Common misconceptions, misnomers and misuse

Make sure you're not misconceived

AM/FM

AM and FM describe the modulation of a radio wave not its frequency or wavelength. The 'AM band' is actually MW (medium wave) or mf (medium frequency) and the 'FM band' is actually band II VHF (in the UK at least).

Seal/Sea Lion

People keep calling sea lions (the animals which ballance balls on their noses in circuses) seals but seals are the rather less athletic animals which get hit with clubs.

Mass/Weight

Kilograms measure mass not weight. Weight is a force measures in newtons.

Celsius/Centigrade

The temperature unit which should be used for weather reports is the degree Celsius (not Celsius, degree Centigrade or Centigrade). The degree Centigrade is the unit of the Centigrade scale which is not necessarily linear and not necessarily the same as the Celsius scale. A particular Centigrade scale is proportional only to a particular physical attribute. So there is a Centigrade scale which is proportional to the length of a water column and another which is proportional to the volume of a particular gas plus as many others as you can invent.

Kelvin

The kelvin is the SI unit of thermodynamic temperature. It is not the 'degree' kelvin. Plenty of scientists get this wrong as well.

SI Units

SI units are lower case even if they are named after someone. So in the middle of a sentence the unit is a newton but the man himself was Newton.

Mr Spock

The guy on Star Trek was Mr Spock (not Dr Spock who was a child psychiatrist or something like that).

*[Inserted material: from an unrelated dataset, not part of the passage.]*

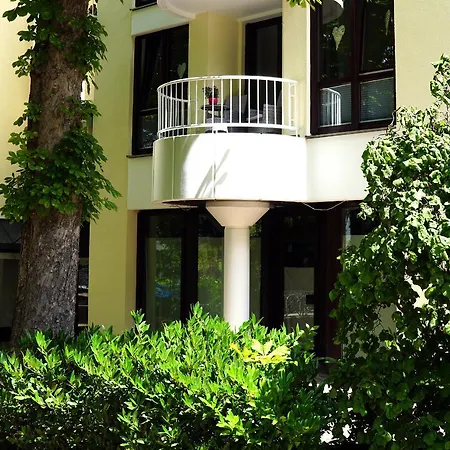 Apartment Mittendrin In Bad Harzburg Exterior foto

Sound cards with a 32 in them

The Sound blaster AWE32 doesn't do 32-bit sound, it has 16-bit sound like the SoundBlaster 16 and 32 voices.

Silicon/silicone

Silicon is the metallic and semiconducting element. Pure silicon looks like a shiny solid metal. Silicone is a silicon compound used in grease, implants, etc.

Bela Lugosi

Bela Lugosi didn't die during the making of Plan 9 from Outer Space - he died before it was made. And the writer's chiropracter was used as a stand in (not his wife's dentist).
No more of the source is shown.